The initial excitement will settle as the ultimate loneliness will hit on day three or four. By then, you’ve done the big things you’ve always wanted to do. Now what? You’ll begin to crave someone to visit museums with or complain about how much your feet hurt. Every morning, you’ll wake up and only have yourself to ask what you’ll want to do that day.

The endless list of opportunity can be overwhelming when traveling solo. It is normal to feel overwhelmed without any input or direction to guide you. You’ll also begin to miss talking to people who share your native language.

Humans are communication machines and getting your message across in foreign lands can become tiring and isolating. Try to get out there, and keep yourself motivated on the reasons why you decided to travel there at all.

4. Hurry Up and Wait

It’s no secret the airport is a headache for everyone, but it’s the drive to the airport that starts the impending agitation. The drive is the pre-travel travel. The anticipation while in the car ride is arguably worse than the plane ride. Not to say long plane rides aren’t horrible, but you can be at the airport for upwards of four hours before boarding — not to mention flight times.

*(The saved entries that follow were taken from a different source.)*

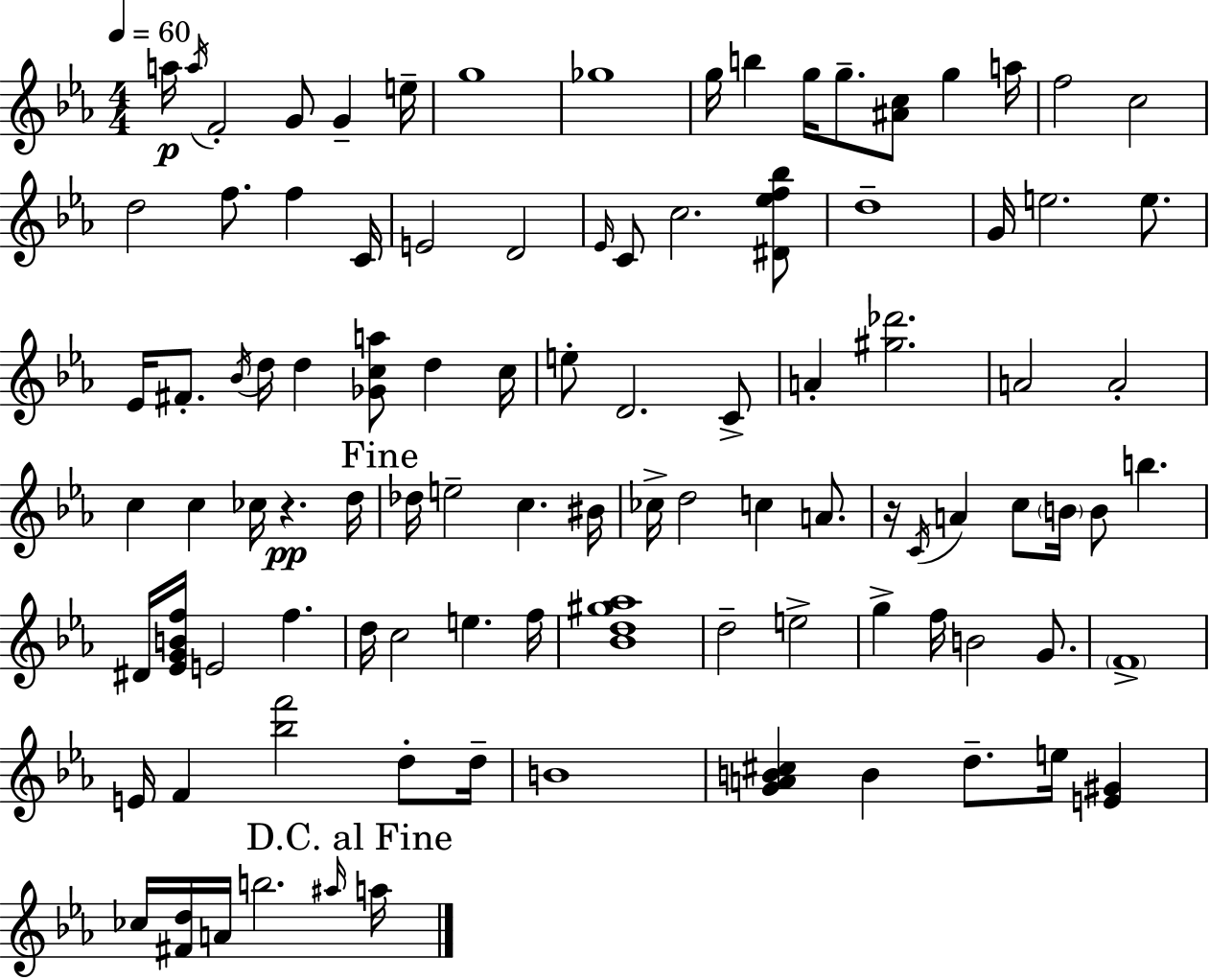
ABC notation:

X:1
T:Untitled
M:4/4
L:1/4
K:Cm
a/4 a/4 F2 G/2 G e/4 g4 _g4 g/4 b g/4 g/2 [^Ac]/2 g a/4 f2 c2 d2 f/2 f C/4 E2 D2 _E/4 C/2 c2 [^D_ef_b]/2 d4 G/4 e2 e/2 _E/4 ^F/2 _B/4 d/4 d [_Gca]/2 d c/4 e/2 D2 C/2 A [^g_d']2 A2 A2 c c _c/4 z d/4 _d/4 e2 c ^B/4 _c/4 d2 c A/2 z/4 C/4 A c/2 B/4 B/2 b ^D/4 [_EGBf]/4 E2 f d/4 c2 e f/4 [_Bd^g_a]4 d2 e2 g f/4 B2 G/2 F4 E/4 F [_bf']2 d/2 d/4 B4 [GAB^c] B d/2 e/4 [E^G] _c/4 [^Fd]/4 A/4 b2 ^a/4 a/4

Long security check-in lines at a San Diego airport. (Image via San Diego Union-Tribune)

Everyone wants to brag about their trip to Thailand, but won’t say a word about the 20 hours it took to get there. Long flights can be broken up with sleep, but, eventually, you’ll crave entertainment.

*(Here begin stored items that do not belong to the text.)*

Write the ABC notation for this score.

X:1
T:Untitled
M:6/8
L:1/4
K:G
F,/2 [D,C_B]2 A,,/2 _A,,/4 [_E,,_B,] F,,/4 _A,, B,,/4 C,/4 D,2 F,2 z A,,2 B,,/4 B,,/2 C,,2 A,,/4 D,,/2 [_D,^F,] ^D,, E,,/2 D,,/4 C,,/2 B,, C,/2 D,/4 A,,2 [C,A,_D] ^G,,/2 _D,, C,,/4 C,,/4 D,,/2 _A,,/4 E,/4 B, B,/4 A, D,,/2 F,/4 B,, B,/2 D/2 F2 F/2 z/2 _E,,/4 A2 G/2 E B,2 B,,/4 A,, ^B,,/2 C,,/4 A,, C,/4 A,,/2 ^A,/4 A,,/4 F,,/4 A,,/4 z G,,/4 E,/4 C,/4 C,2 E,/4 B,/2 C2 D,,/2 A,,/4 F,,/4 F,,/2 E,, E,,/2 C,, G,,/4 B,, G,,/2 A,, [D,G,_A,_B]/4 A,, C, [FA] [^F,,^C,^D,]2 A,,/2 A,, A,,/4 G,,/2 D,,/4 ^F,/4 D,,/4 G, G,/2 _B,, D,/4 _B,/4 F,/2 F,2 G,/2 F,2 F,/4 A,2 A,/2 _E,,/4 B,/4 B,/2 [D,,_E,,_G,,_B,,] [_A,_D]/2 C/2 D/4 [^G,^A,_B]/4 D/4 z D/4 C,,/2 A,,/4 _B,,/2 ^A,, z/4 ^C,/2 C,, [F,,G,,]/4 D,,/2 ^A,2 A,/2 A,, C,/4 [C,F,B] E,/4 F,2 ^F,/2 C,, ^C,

Traveling solo can get boring with no one to talk to, so bring a book or journal. This will also save your cell phone battery. Smaller planes don’t always have televisions, so grab an old-school paperback. This can be a chance for you to finally get into that book you’ve always meant to read.

5. I’m Not From Around Here…or Am I?

Keep the sneakers-and-jeans combo at home, folks! You want to blend in with the masses as well as you can. It’s not only beneficial for your safety but also great for deterring people from selling unnecessary items to you on the street. Try to keep your cameras away in a bag and not around your neck. This is safer and will remove the target that robbers often look out for.

Use your phone to take quick photos and move on. Look like you know where you are and where you’re going even if you don’t. Confidence is key when walking the streets. No one will know you don’t belong there until you open your mouth and show you can’t speak the local’s language. Even if the locals are of a different race, simple fashion choices and confidence can only help you. You can wander without looking like you’re wandering.

A local market that offers visitors an abundance of cultural experience. (Image via The Times)

Another way to look like a local is to shop at local grocery stores. Even if you don’t have a kitchen, grab some fruit, water and snacks. This will curb your appetite while on the move and can also be a great image for locals to see. You can’t look more like “I belong here” than lugging groceries in the city.

There you have it — all the secret traveling solo tips from booking to the street. This adventure will undoubtedly be one of the scariest, but you’ll find the rawest form of you. You will be your own guide, security and friend. Keep your head up and your legs moving. It’ll be the only way you’ll get what you want out of the experience.